A Possible Approach

The premise of this research, is that through an autonomous entity or entities that have been provided the facilities to experience and perceive situational information, and an environment that provides sensory stimulation indicative of those situations, that arbitrary situational experiences that are encountered can, in the first instance be identified and studied, detected, codified and measured, and therefore provide situational data for analysis such as learning, behavior creation and situation detection.

This pursuit is specifically in the context of forming knowledge in order for an agent to formulate an understanding or rationalisation of new and unknown situations it experiences while exploring.

Observations might include the perception of unknown entities, such as game objects, such as characters, walls, etc., within the virtual reality, or equally classification of multiple aspects of an observation to form a sense of defining the makeup of a situation that is currently occurring.

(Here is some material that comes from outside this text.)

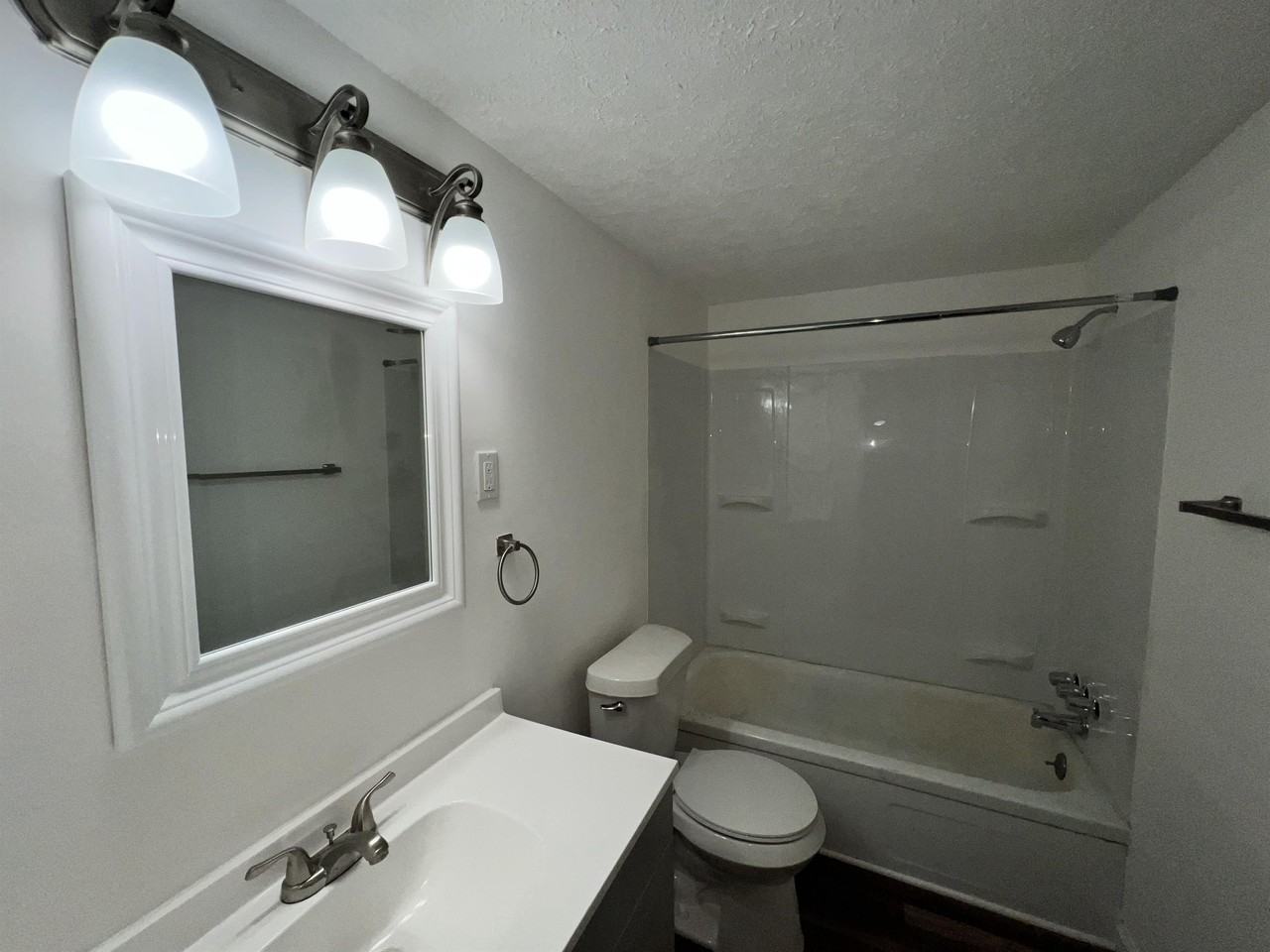 204 Solon Road - Photo 3 of 10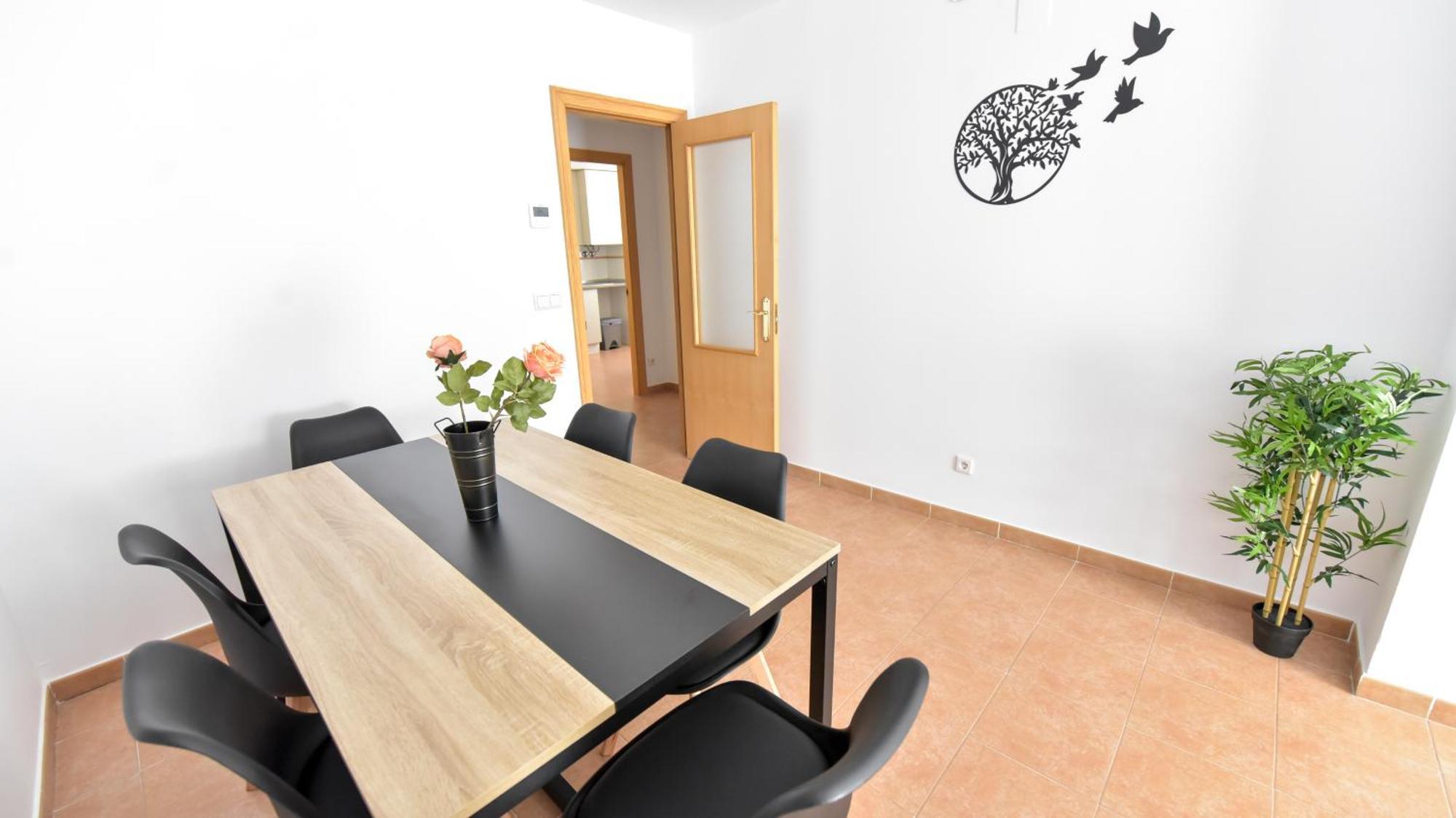 New Premium Apartment - Free Parking & Pools 라알가바 외부 사진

In this way, objects and the environment that the agent interacts with will need to possess characteristics and properties that can be sensed.

Modelling circumstantial perception in agents based on the assimilation of experience, specifically through empirical agent observation, is a key aspect of the simulations proposed in this research.

Figure 4 provides a basic illustrative example of the scope of the research. 

The overall research approach considers a linear progression around phases of modelling and understanding experience within virtual worlds:

  1. Simulating experiences (phase 1)
  2. Observing experiences (phase 2)
  3. Defining experiences (phase 3)
  4. Using experiences (phase 4)
  5. Distributing experience (phase 5)

The methods and research design for each of these phases of research are discussed in more detail next.

Phases 1 and 2

Simulating and Sensing Virtual Environments

The first research goal is to be able to sense and collect observational data systematically about arbitrary in-situ experiences when the agent experiences them.

This will likely involve the ability to create a primary autonomous learning agent and the ability to perceive its observations through the acquisition of environmental stimuli in order to acquire knowledge about situations that are encountered and experienced by the agent.

Our research proposes to position an artificial learning agent within a simulated virtual reality where that environment exerts sensory forces that it can observe through simulated sensation based on stimulus-response. By establishing relationships between stimuli that occur and resultant responses, and an ability to define estimations of ongoing situations through observing environmental contexts that which these occur, provides a model for our research to pursue the establishment of an experience-based autonomous learning environment.

Perceiving Virtual Reality

An important aspect of such a learning simulation is engineering of an environment that can be designed to emit circumstantial information as part of the virtual reality, including housing variables, constantly evolving artificial entities or game objects like characters, behaviours and other environmental variations that the learning agents can perceive and learn from. Examples of possible 2D and 3D virtual environments that might be created are shown in Figure 6.

Our research proposes to use sense detection architectures to simulate the production of situational stimuli within the simulation environment as a means to acquire sensory experience, while the simulation of S-R links is to be derived from an approach like Epic’s Unreal AI Perception System (‘AI Perception’, no date) which is based on the generation and distribution of stimuli events throughout the environment.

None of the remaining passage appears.